Hi, I am confused by some of the online dictionaries.  汉语词典 transcribes 调频 as _diào pín_ (http://cidian.911cha.com/MTc0NG8=.html) and yet 调频收音机 as _tiáo pín shōu yīn jī_ (http://cidian.911cha.com/MTdmZHk=.html).  The same dictionary transcribes 调制 as _tiáo zhì_ (http://cidian.911cha.com/MTdmcDI=.html), and yet 调制解调器 as _diào zhì jiě diào qì_ (http://cidian.911cha.com/MTg4a2k=.html). I’m totally confused.  What am I supposed to pronounce all those terms?  


According to 汉典, 调摄 should be read as _tiáo shè_ (http://www.zdic.net/c/3/f6/257542.htm) but 调心, a short form of 调摄心性, as _diào xīn_ ( http://www.zdic.net/c/3/f6/257268.htm).  Should I trust the dictionary known to contain sporadic internal inconsistencies (see 优繇 thread http://forum.wordreference.com/showthread.php?t=2682316) or should I trust my instinct?  In Chinese martial arts, there is a term called 三调, namely, 调身, 调心, and 调息. Should we follow the dictionaries and pronounce 调心 as _diào xīn _and yet 调息 as  _tiáo __xī _(http://www.zdic.net/c/3/f6/257372.htm)?  

I was taught 调身 _tiáo shēn _means 调节身体 and _diào__ shēn_ means 转身, but those dictionaries contradict my learning.  They say_ diào__ shēn_, period, even for 调节身体.  I'm totally confused.  What am I supposed to pronounce all those terms?

Thank you in advance


----------



## daoxunchang

It's a bit late now. From one of my paperback dictionaries, 《现代汉语词典》（商务印书馆，1995）: 调摄 _tiáo shè _（<书>调养）_。_调制 _tiáo zhì_（使电磁波所振幅、频率或脉冲的有关参数依照所需传递的信号而变化的过程叫调制）。
I cannot find entries for the other words. By my personal experience and opinion: 调心，调身，调息 _tiáo *_。Not 调_diào_身but 掉身in the meaning of 转身。

Please wait for other people to respond.
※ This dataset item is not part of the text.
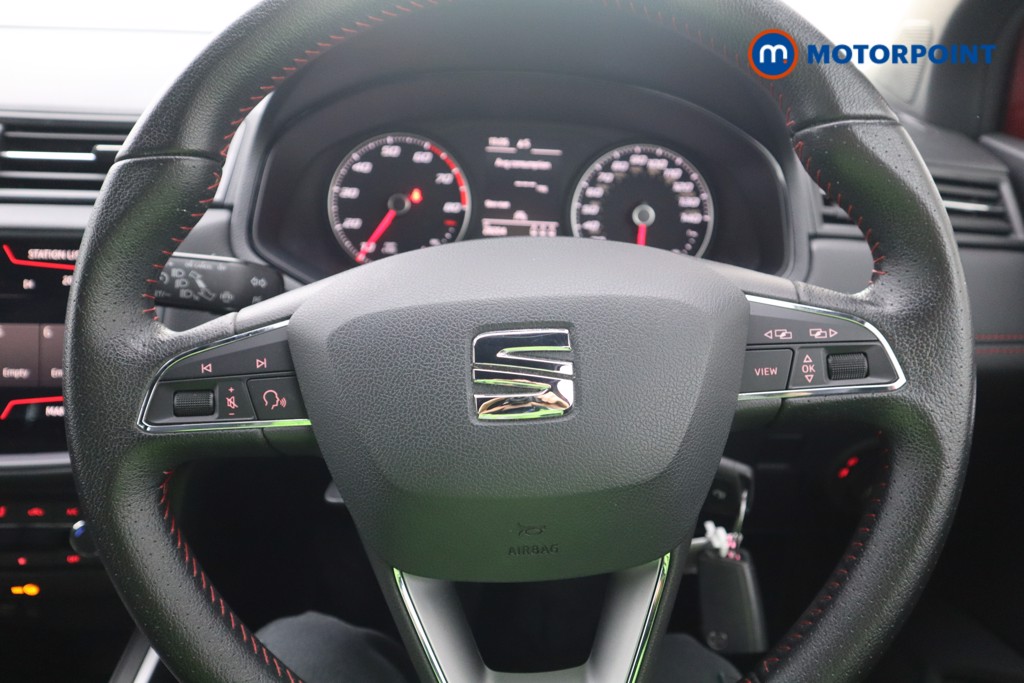 Seat Arona FR Manual Petrol SUV - Stock Number (1576985) - 7th supplementary image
Good night.


----------



## BODYholic

Skatinginbc said:


> Hi, I am confused by some of the online dictionaries.  汉语词典 transcribes 调频 as _diào pín_ (http://cidian.911cha.com/MTc0NG8=.html) and yet 调频收音机 as _tiáo pín shōu yīn jī_ (http://cidian.911cha.com/MTdmZHk=.html).  The same dictionary transcribes 调制 as _tiáo zhì_ (http://cidian.911cha.com/MTdmcDI=.html), and yet 调制解调器 as _diào zhì jiě diào qì_ (http://cidian.911cha.com/MTg4a2k=.html). I’m totally confused.  What am I supposed to pronounce all those terms?



调频 (_diào pín_) is 音调的频率。 This 调 is actually a noun but functions as an adjective.
调频 (_tiáo pín_) is 调节频率。 This 调 is a verb. It is _"tiáo pín_收音机" because you need to finetune the frequency in order to get a good reception. Another words, a 收音机 that can "_tiáo__ pín_".


----------



## Skatinginbc

BODYholic said:


> 调频 (_diào pín_) is 音调的频率。 This 调 is actually a noun but functions as an adjective.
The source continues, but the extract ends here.